The long way home: Bucking the stereotypes on America’s view of Haiti
March 27, 2013
EDITOR'S NOTE: "THE LONG WAY HOME" is a recurring feature in the North Lake Tahoe Bonanza penned by John Peltier, a 1998 Incline High School grad who went on to fly fighter jets for the Air Force after college. After 10 years of service and two deployments to Afghanistan, he chose for his next adventure a circumnavigation of South America by sailboat. This second installment was written during John's stay in Haiti. Currently, John is in Puerto Rico before heading toward the Virgin Islands next month.
My life has always been so regimented and scheduled that it felt great to one day say "tomorrow I think I'll sail to Hispanola instead of Turks & Caicos as I had intended."
And so I started on the three-day passage to a largely third-world island I was illfully prepared to visit. The first night, I approached the Windward Passage and noticed the only lights coming from Cuba were on the southeastern side near Guantanamo, and to my left Haiti was pitch black.

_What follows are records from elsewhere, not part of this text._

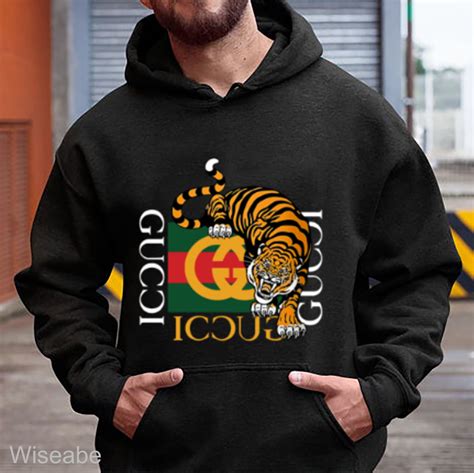 cheap real gucci hoodie|gucci oversized hoodie.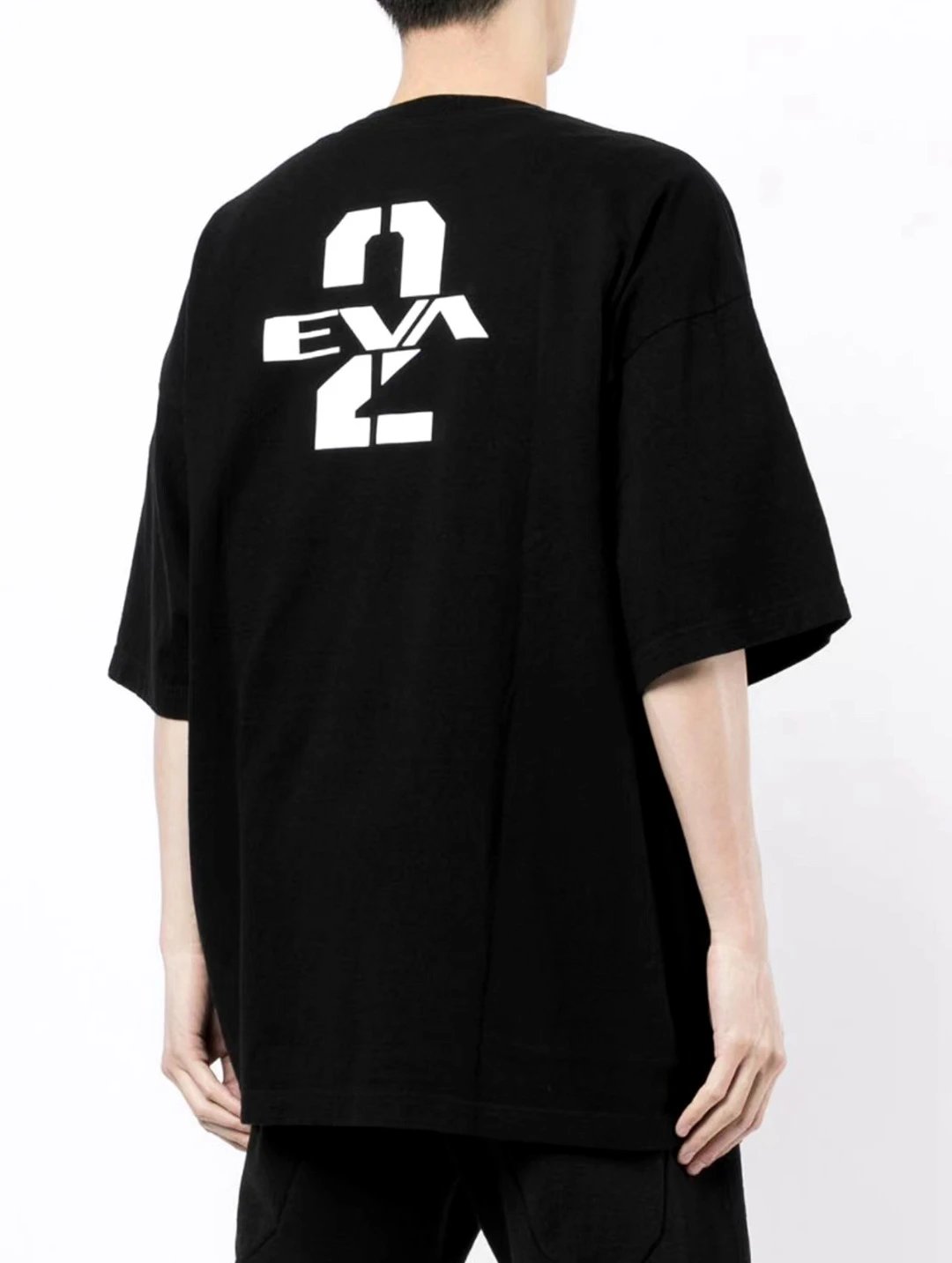 Undercover Shirts · 6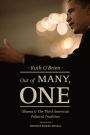 Out of Many, One: Obama and the Third American Political Tradition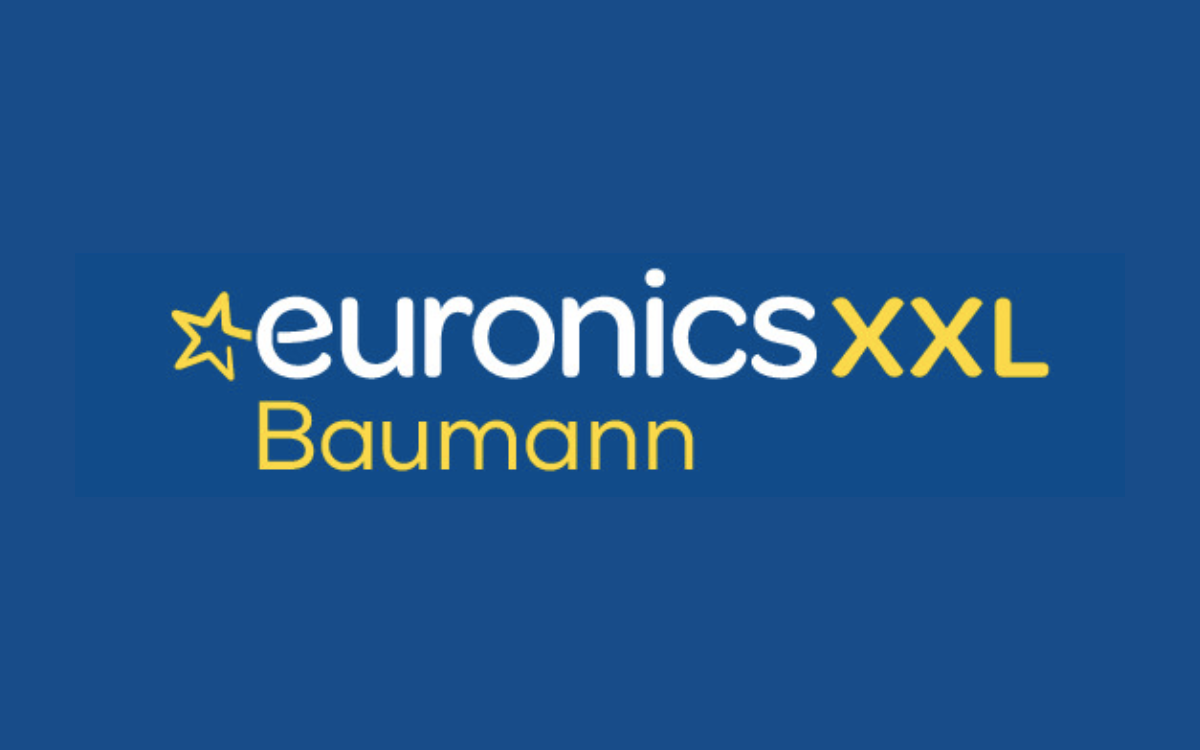 20221207_Logo_Euronics (1)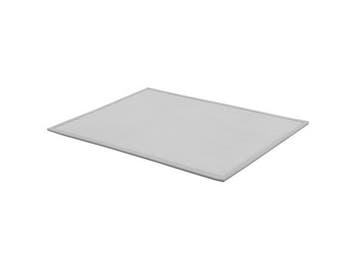 Veiling - Kinderkleed Maila 200 x 150 cm grijs, Nieuw
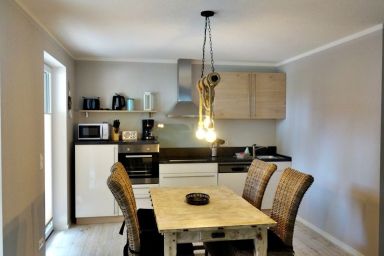 Feel Good - Wohnung 1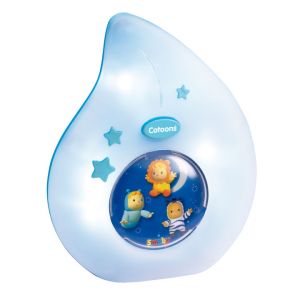 Smoby Cotoons - Veilleuse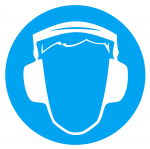 Kanna k&otilde;rvaklappe 20x20 pvc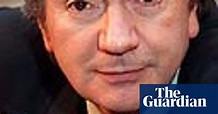 Dudley Moore dies at 66 | UK news | The Guardian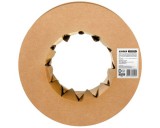 ����������� ��� ���� � ������ ZIGGER ����. D-������� ������ 21�15��, 50 � (� ������� 50�) 2 ��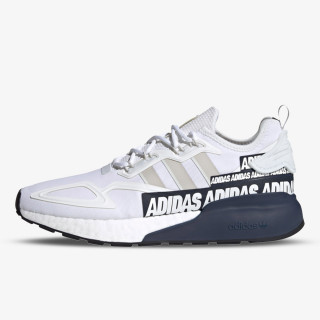 ADIDAS Pantofi Sport ZX 2K BOOST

But I could smell their cooking fires and the agricultural fields, and it was a welcome change to the normal smells.
I finally rounded the southwestern corner of Haiti, to head east along its southern coast, the second night. I had to stay close to the coast to take advantage of the night winds, but didn't want to advertise my presence to any would-be thieves and so I sailed with my lights off.
I soon realized that drug runners do the same thing when a U.S. patrol boat from the nearby island of Nuvassa lit me up with the biggest spotlight I've ever seen. They're sneaky!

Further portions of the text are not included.